■ WHAT YOU HAVE TO DO ■
Would you return exactly the lines below from the line with "Very short hair smile black hair beauty" through the line with "Vtg 80s Cardigan", both included, and nothing else, leaving out the pictures?

Data items
######

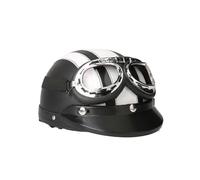 (White)Motorcycle scooter open face half leather helmet with visor uv goggles retro vintage styl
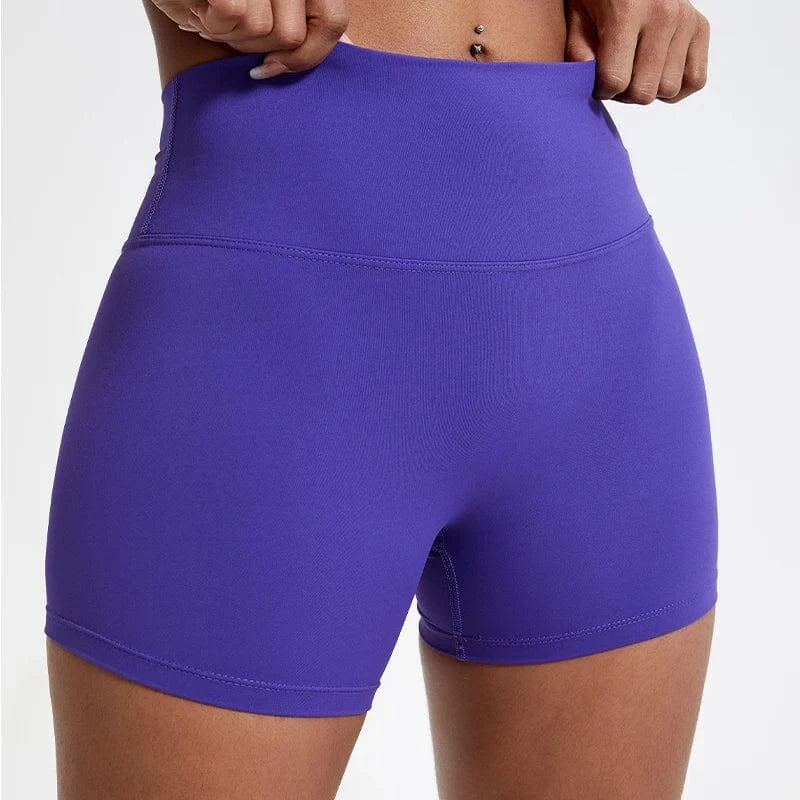 Short Yoga Femme | Taille Haute Blue Purple / XL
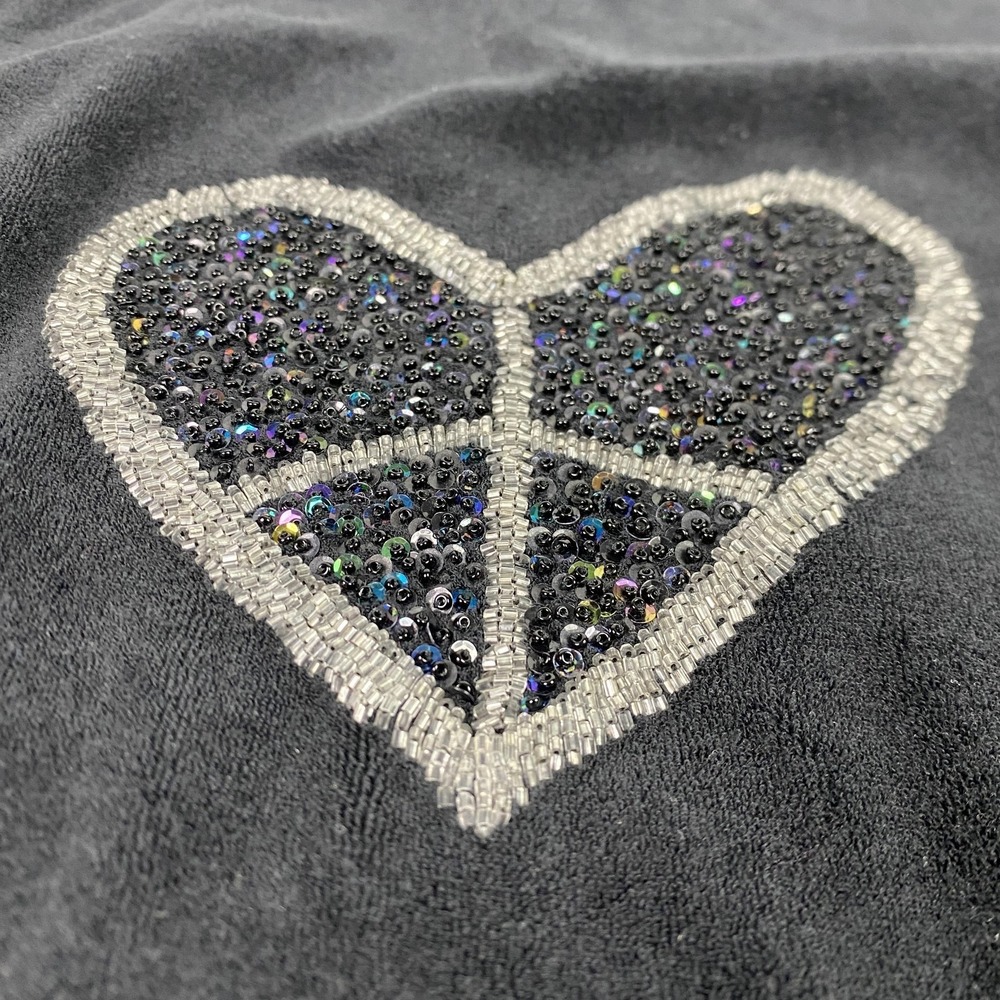 Twisted Heart Hoodie Womens Small Black Velour Beaded Heart Peace Zip Up - Picture 12 of 13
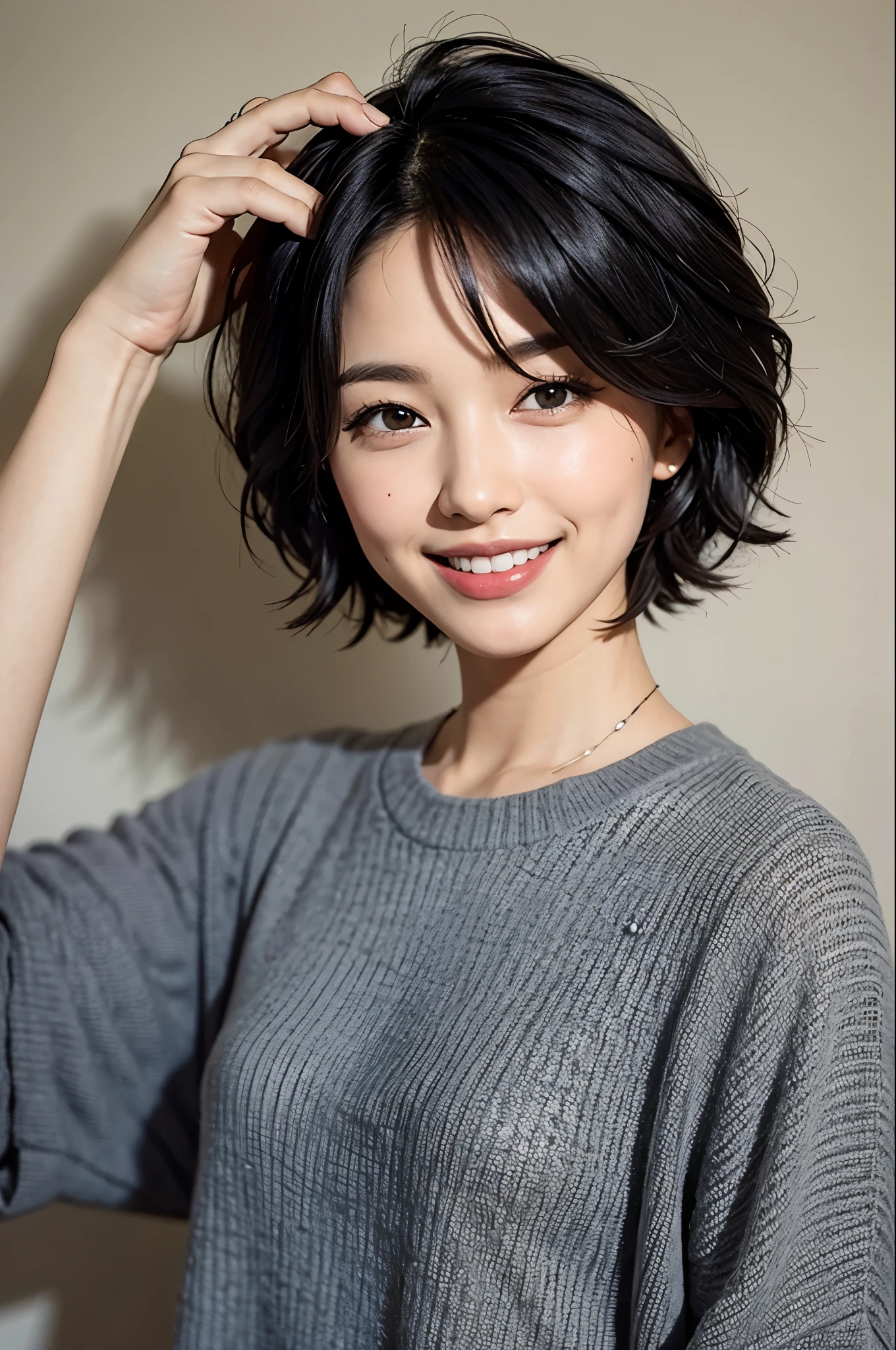 Very short hair smile black hair beauty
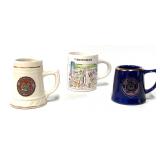 3 Miniature Mugs - Yale, MIT, The Bostonian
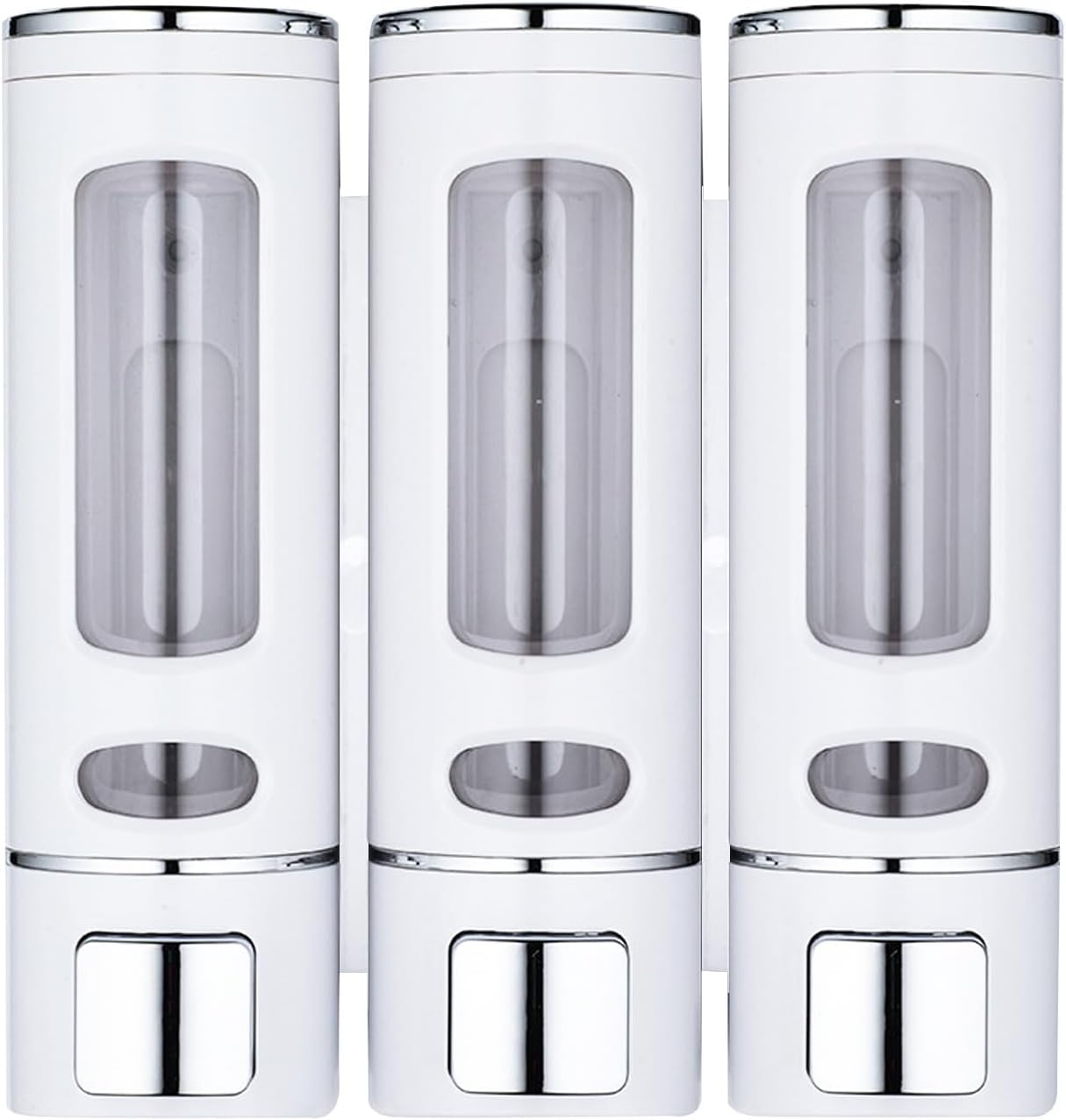3 dispensadores de jabón de champú para ducha montados en la pared, 13.5 fl oz x 3 dispensadores de champú sin taladro, dispensador de bomba de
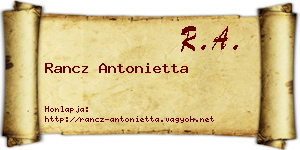Rancz Antonietta névjegykártya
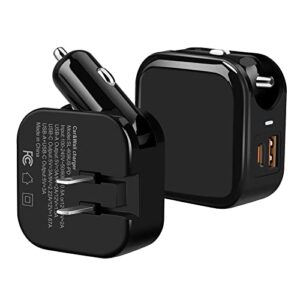 bolweo car charger & wall charger 2 in 1 for travel,20w pd fast charger dual ports type c usb a foldable plug for car and hotel compatible iphone 13 12 11 pro max ipad samsung galaxy s22 s21 s20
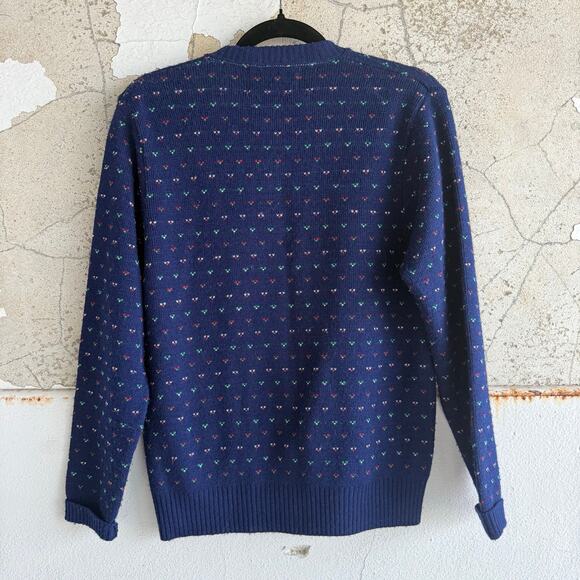 Vtg 80s Cardigan Nordic Fair Isle Sweater Navy Heart Made in USA Classic Women S - Picture 6 of 8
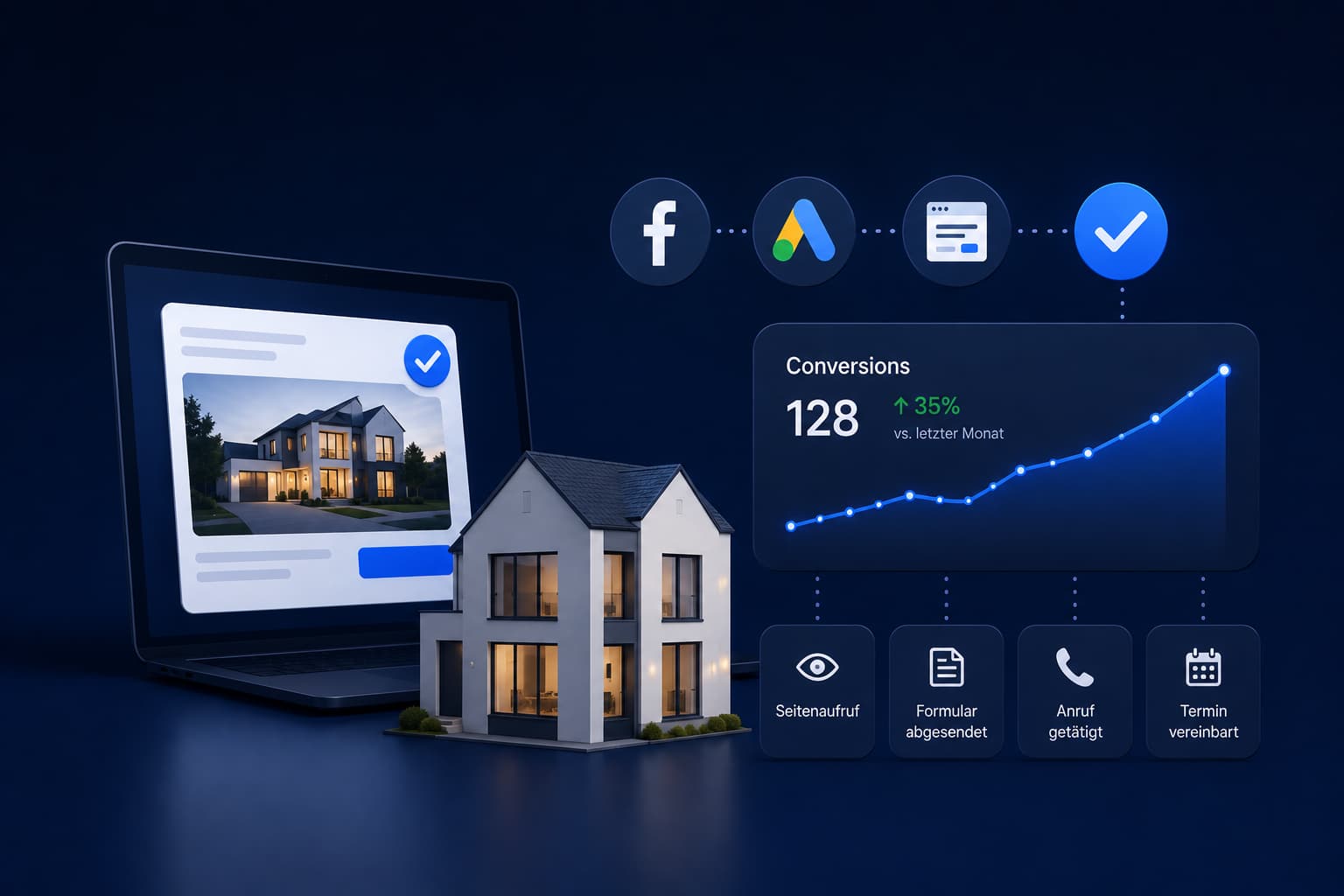 Grafische Darstellung zu Conversion Tracking mit Pixel Setup, Meta Pixel, Google Tag Manager, Conversion Tracker, Event Tracking und Reporting Dashboard.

######

■ SOLVED PROBLEM ■
 Very short hair smile black hair beauty
 3 Miniature Mugs - Yale, MIT, The Bostonian
3 dispensadores de jabón de champú para ducha montados en la pared, 13.5 fl oz x 3 dispensadores de champú sin taladro, dispensador de bomba de
Rancz Antonietta névjegykártya
 bolweo car charger & wall charger 2 in 1 for travel,20w pd fast charger dual ports type c usb a foldable plug for car and hotel compatible iphone 13 12 11 pro max ipad samsung galaxy s22 s21 s20
 Vtg 80s Cardigan Nordic Fair Isle Sweater Navy Heart Made in USA Classic Women S - Picture 6 of 8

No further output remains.